What you need to do: If an entry holds a picture, leave that picture out and reproduce everything else exactly.

Material provided:
..........

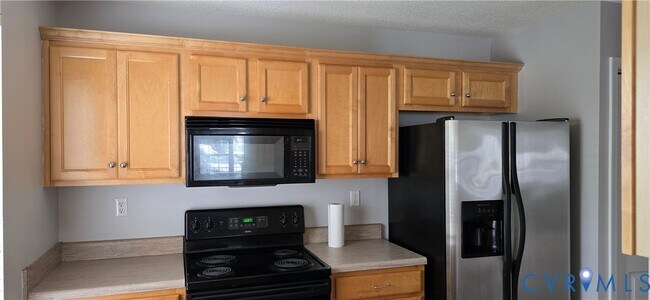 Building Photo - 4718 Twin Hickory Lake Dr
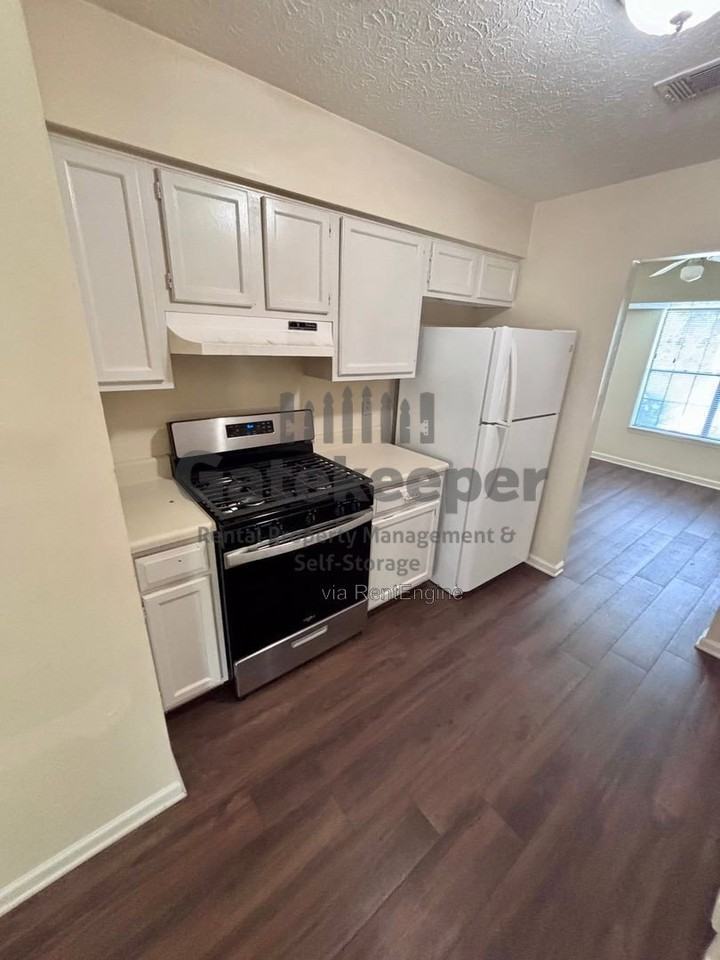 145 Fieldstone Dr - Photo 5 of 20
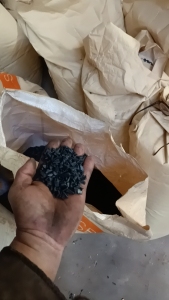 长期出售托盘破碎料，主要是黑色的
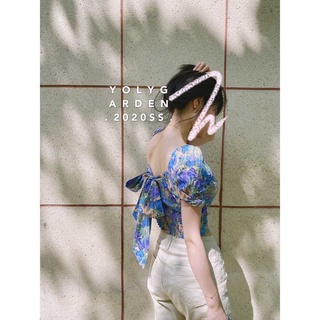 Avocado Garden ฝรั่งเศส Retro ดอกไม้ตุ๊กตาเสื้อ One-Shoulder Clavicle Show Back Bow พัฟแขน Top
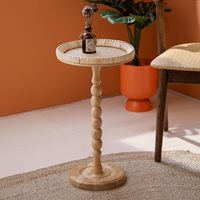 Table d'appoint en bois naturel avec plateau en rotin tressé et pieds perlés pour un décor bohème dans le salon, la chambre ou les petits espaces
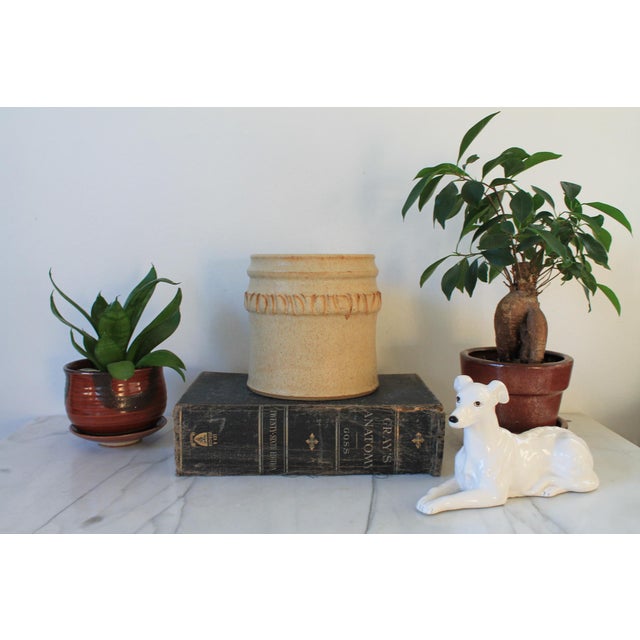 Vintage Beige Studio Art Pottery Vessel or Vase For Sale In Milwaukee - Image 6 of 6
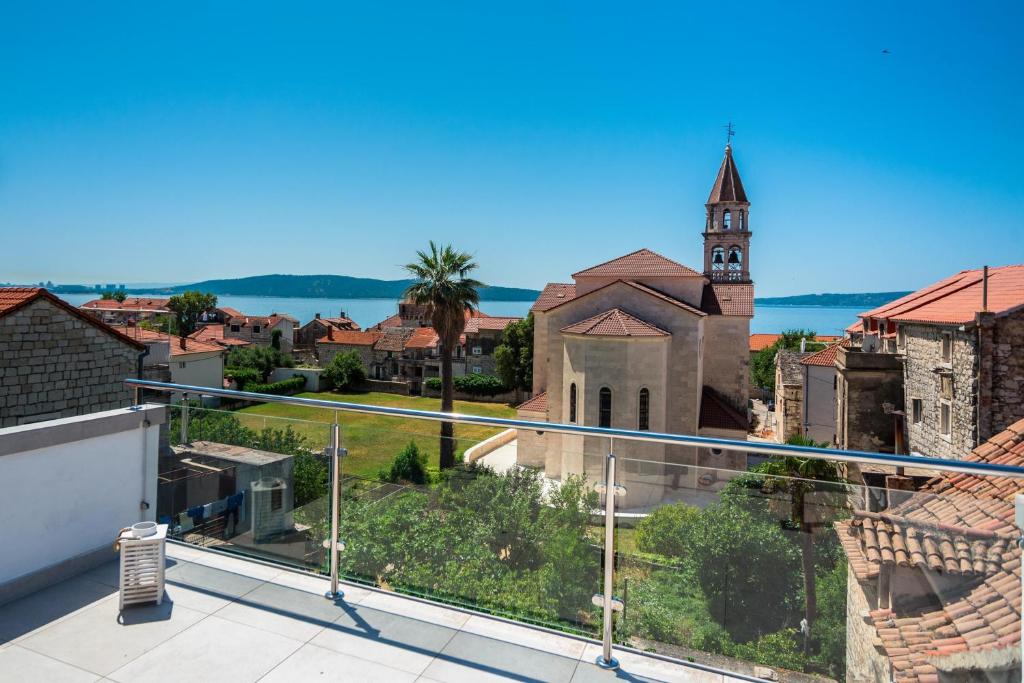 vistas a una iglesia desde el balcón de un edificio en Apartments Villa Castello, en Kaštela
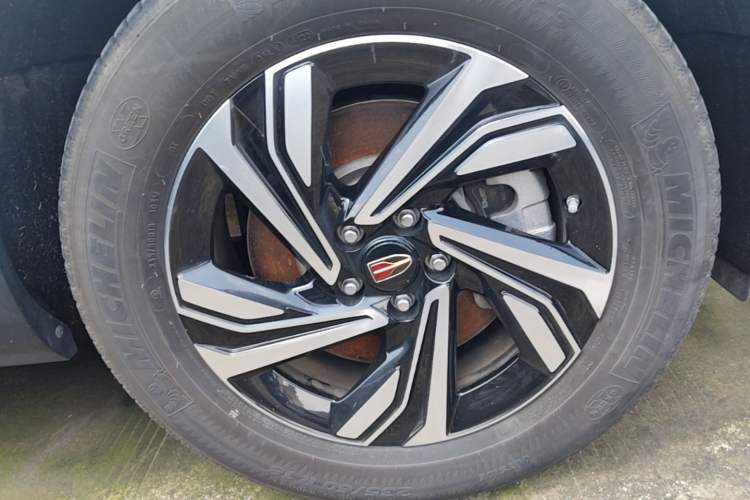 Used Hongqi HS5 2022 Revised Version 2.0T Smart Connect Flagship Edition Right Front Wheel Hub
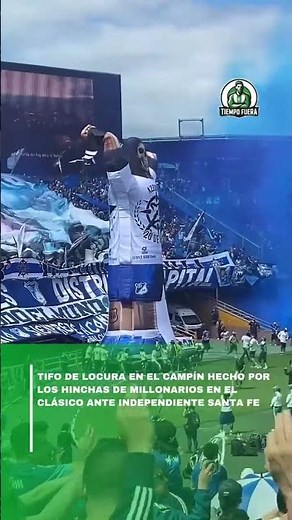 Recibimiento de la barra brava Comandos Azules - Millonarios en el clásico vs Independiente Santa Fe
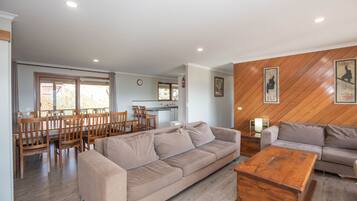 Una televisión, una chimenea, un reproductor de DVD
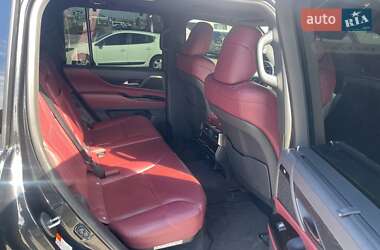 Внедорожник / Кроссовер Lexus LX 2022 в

..........

Solution to this task:
 Building Photo - 4718 Twin Hickory Lake Dr
 145 Fieldstone Dr - Photo 5 of 20
 长期出售托盘破碎料，主要是黑色的
 Avocado Garden ฝรั่งเศส Retro ดอกไม้ตุ๊กตาเสื้อ One-Shoulder Clavicle Show Back Bow พัฟแขน Top
 Table d'appoint en bois naturel avec plateau en rotin tressé et pieds perlés pour un décor bohème dans le salon, la chambre ou les petits espaces
 Vintage Beige Studio Art Pottery Vessel or Vase For Sale In Milwaukee - Image 6 of 6
 vistas a una iglesia desde el balcón de un edificio en Apartments Villa Castello, en Kaštela
 Used Hongqi HS5 2022 Revised Version 2.0T Smart Connect Flagship Edition Right Front Wheel Hub
 Recibimiento de la barra brava Comandos Azules - Millonarios en el clásico vs Independiente Santa Fe
 Una televisión, una chimenea, un reproductor de DVD
 Внедорожник / Кроссовер Lexus LX 2022 в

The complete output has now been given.